* **PROBLEM TO SOLVE**
Start to finish, return the listing below exactly, pictures excluded.

* **DATA BLOCK**
%%
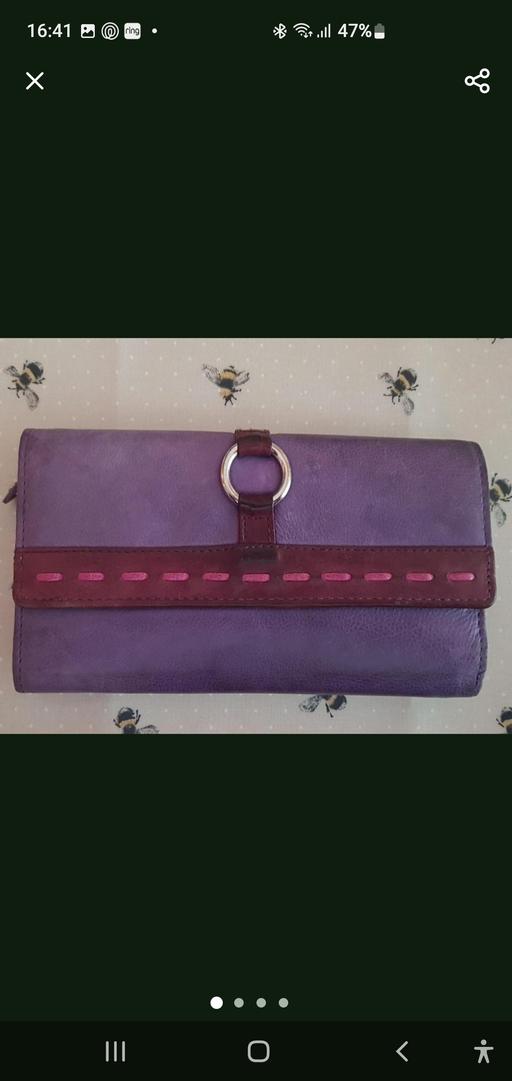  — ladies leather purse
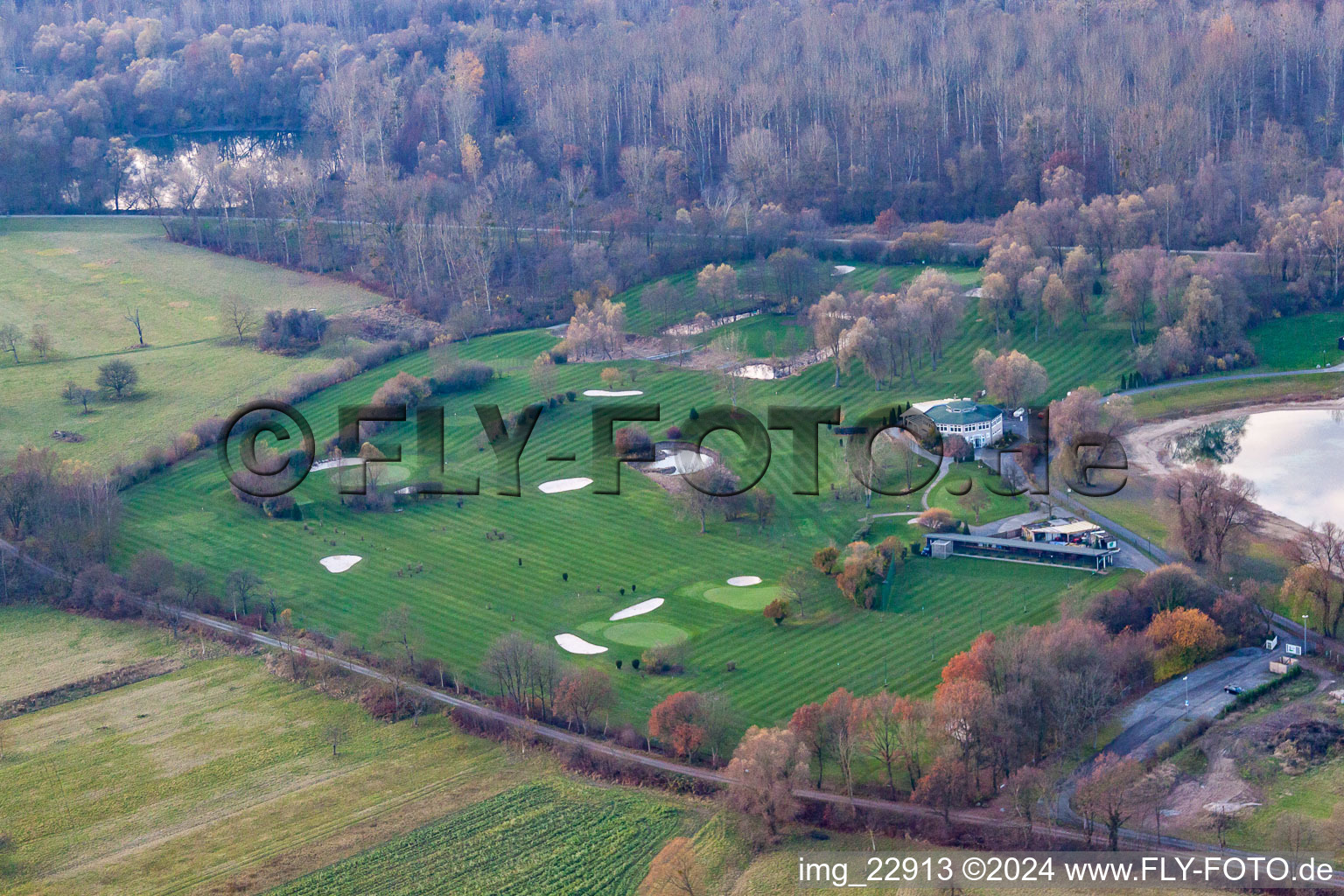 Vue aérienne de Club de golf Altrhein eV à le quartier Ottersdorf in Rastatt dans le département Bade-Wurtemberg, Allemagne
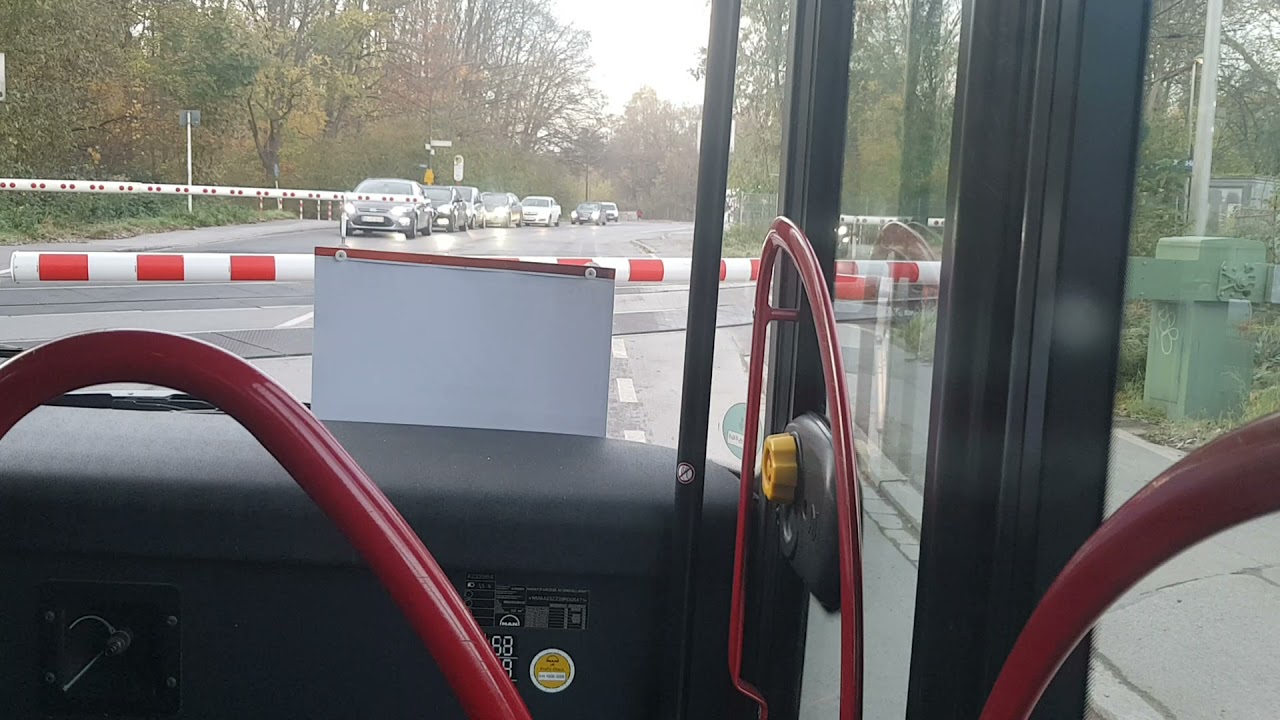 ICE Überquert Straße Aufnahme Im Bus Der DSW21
%%
* **FINAL ANSWER**
  — ladies leather purse
 Vue aérienne de Club de golf Altrhein eV à le quartier Ottersdorf in Rastatt dans le département Bade-Wurtemberg, Allemagne
 ICE Überquert Straße Aufnahme Im Bus Der DSW21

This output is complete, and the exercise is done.